Or, I can be out to dinner with my sweetheart, having spent the day planning to make it a special evening for us, and then ruin it all by noticing for a half second too long the young, bouncy waitress with the ample cleavage walking by the table. Poof, the evening is ruined. “What’s the matter with me?” I think, “I did not want the waitress, I wanted my sweetheart.” Also, I can be driving in traffic and wonder what it would be like to drive into oncoming traffic or slam into the car next to me. Ouch! Or, I can be walking
in a grocery store, notice someone carrying an armload of boxes, and wonder what it would be like to tickle the person. Yuk? The list goes on and on from suicidal thoughts (“What would they think if I jumped off the balcony and splattered myself on the ground?”), to homicidal thoughts (“How would it feel to shoot that person in the face?”), to strange thoughts (“I wonder if it would be erotic to watch anteaters having sex?”). Before you think I am abnormal or just plain sick, I have been listening to these “sneaky thoughts” from my patients for more than twenty-five years. We all have them. They just sneak up on us without planning. I was walking recently with a friend, one of the sweetest, most thoughtful women I know. She told me about a time when one of her daughter’s friends was being irritating and she had the thought of pouring a jug of milk over her head. Of course, she didn’t do it, but the thought ran through her brain nonetheless.

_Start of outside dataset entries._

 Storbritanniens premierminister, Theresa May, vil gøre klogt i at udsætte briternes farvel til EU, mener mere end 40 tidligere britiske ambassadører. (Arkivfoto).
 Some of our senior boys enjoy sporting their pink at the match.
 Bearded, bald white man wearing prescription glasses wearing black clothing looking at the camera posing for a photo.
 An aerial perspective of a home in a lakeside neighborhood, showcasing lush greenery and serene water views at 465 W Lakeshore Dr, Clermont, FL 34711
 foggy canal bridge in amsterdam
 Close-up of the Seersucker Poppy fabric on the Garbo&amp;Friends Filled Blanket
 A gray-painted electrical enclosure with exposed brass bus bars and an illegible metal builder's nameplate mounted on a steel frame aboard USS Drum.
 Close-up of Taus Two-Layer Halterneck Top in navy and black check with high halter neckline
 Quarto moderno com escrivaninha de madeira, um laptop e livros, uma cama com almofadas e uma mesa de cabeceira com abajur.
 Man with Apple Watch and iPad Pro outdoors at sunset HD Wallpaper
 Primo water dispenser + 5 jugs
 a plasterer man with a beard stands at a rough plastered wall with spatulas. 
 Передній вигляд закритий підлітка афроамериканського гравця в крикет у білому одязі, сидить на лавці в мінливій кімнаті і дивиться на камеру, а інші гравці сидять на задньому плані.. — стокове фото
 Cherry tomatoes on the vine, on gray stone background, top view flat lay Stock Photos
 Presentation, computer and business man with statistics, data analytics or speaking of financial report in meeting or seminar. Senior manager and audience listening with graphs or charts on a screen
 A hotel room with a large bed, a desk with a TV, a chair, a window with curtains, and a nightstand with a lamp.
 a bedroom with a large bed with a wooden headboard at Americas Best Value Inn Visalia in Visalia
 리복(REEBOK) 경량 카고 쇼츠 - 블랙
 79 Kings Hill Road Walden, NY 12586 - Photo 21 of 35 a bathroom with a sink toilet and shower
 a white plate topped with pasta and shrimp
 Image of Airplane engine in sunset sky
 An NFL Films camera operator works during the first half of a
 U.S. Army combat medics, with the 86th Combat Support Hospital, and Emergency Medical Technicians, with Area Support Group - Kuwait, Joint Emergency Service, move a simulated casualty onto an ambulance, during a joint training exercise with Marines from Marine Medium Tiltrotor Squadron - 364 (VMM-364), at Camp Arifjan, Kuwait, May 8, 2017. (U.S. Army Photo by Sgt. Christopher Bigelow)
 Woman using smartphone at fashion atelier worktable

What causes our brain to have these bizarre, silly, or unhelpful thoughts? What causes our brain to be sneaky? The limbic or emotional brain is always generating possibilities, novelties, and interesting hypotheses. Like dream states while awake, the brain is constantly churning, imagining, and playing. Thankfully, we have an area of the brain called the prefrontal cortex (PFC), which inhibits these sneaky thoughts and prevents us from saying them or acting upon them. When this part of the brain works right, it can laugh at or dismiss these sneaky thoughts. When there is damage or disease to this part of the brain, these hurtful, embarrassing thoughts surface in our behavior.

I was once at a conference with a close friend of mine, Jillian. She had experienced a car accident several years earlier that hurt her PFC. She had a reputation for saying exactly what was on her mind without filtering its content. Two obese women sitting in front of us at the conference were engaged in a spirited conversation about their weight. One woman said to the other, “I don’t know why I am so fat, I eat like a bird.”

Jillian looked at me and said loud enough for everyone around us to hear, “Yeah, like a condor.”

I looked at her in total embarrassment. Horrified, Jillian put her hand to her mouth and said, “Oh my God, did that thought get out of my mouth?”

Yes, I nodded.

“I’m so sorry,” she said as the women moved away from us.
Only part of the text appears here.